ACTIVITY | Retype the entries in full.

EXCERPTED DATA |
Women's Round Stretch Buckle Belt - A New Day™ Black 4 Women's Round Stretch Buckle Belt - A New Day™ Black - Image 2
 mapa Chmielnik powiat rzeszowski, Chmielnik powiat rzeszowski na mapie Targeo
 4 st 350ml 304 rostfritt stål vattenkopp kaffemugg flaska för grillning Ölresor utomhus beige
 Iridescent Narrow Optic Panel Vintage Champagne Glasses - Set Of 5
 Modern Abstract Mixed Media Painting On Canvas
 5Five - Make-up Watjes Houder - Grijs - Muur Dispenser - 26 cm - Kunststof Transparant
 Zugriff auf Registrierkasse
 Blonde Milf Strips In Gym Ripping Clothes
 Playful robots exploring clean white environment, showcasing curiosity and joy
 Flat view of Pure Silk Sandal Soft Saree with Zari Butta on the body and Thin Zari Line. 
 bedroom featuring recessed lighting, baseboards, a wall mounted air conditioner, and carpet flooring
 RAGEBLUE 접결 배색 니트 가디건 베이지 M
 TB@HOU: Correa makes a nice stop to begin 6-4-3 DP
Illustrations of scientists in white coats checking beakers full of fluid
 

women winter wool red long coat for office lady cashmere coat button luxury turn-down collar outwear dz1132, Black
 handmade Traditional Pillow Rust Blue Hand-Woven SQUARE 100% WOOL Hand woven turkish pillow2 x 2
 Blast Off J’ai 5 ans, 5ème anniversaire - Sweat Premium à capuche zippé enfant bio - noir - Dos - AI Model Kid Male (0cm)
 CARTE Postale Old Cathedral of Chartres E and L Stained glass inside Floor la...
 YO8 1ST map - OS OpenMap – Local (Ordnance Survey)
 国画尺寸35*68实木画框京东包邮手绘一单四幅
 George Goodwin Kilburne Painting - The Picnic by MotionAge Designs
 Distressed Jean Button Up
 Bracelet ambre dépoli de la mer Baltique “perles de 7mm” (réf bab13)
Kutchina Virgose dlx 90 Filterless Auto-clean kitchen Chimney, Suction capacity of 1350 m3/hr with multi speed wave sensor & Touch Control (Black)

SOLUTION |
Women's Round Stretch Buckle Belt - A New Day™ Black 4 Women's Round Stretch Buckle Belt - A New Day™ Black - Image 2
 mapa Chmielnik powiat rzeszowski, Chmielnik powiat rzeszowski na mapie Targeo
 4 st 350ml 304 rostfritt stål vattenkopp kaffemugg flaska för grillning Ölresor utomhus beige
 Iridescent Narrow Optic Panel Vintage Champagne Glasses - Set Of 5
 Modern Abstract Mixed Media Painting On Canvas
 5Five - Make-up Watjes Houder - Grijs - Muur Dispenser - 26 cm - Kunststof Transparant
 Zugriff auf Registrierkasse
 Blonde Milf Strips In Gym Ripping Clothes
 Playful robots exploring clean white environment, showcasing curiosity and joy
 Flat view of Pure Silk Sandal Soft Saree with Zari Butta on the body and Thin Zari Line. 
 bedroom featuring recessed lighting, baseboards, a wall mounted air conditioner, and carpet flooring
 RAGEBLUE 접결 배색 니트 가디건 베이지 M
 TB@HOU: Correa makes a nice stop to begin 6-4-3 DP
Illustrations of scientists in white coats checking beakers full of fluid
 

women winter wool red long coat for office lady cashmere coat button luxury turn-down collar outwear dz1132, Black
 handmade Traditional Pillow Rust Blue Hand-Woven SQUARE 100% WOOL Hand woven turkish pillow2 x 2
 Blast Off J’ai 5 ans, 5ème anniversaire - Sweat Premium à capuche zippé enfant bio - noir - Dos - AI Model Kid Male (0cm)
 CARTE Postale Old Cathedral of Chartres E and L Stained glass inside Floor la...
 YO8 1ST map - OS OpenMap – Local (Ordnance Survey)
 国画尺寸35*68实木画框京东包邮手绘一单四幅
 George Goodwin Kilburne Painting - The Picnic by MotionAge Designs
 Distressed Jean Button Up
 Bracelet ambre dépoli de la mer Baltique “perles de 7mm” (réf bab13)
Kutchina Virgose dlx 90 Filterless Auto-clean kitchen Chimney, Suction capacity of 1350 m3/hr with multi speed wave sensor & Touch Control (Black)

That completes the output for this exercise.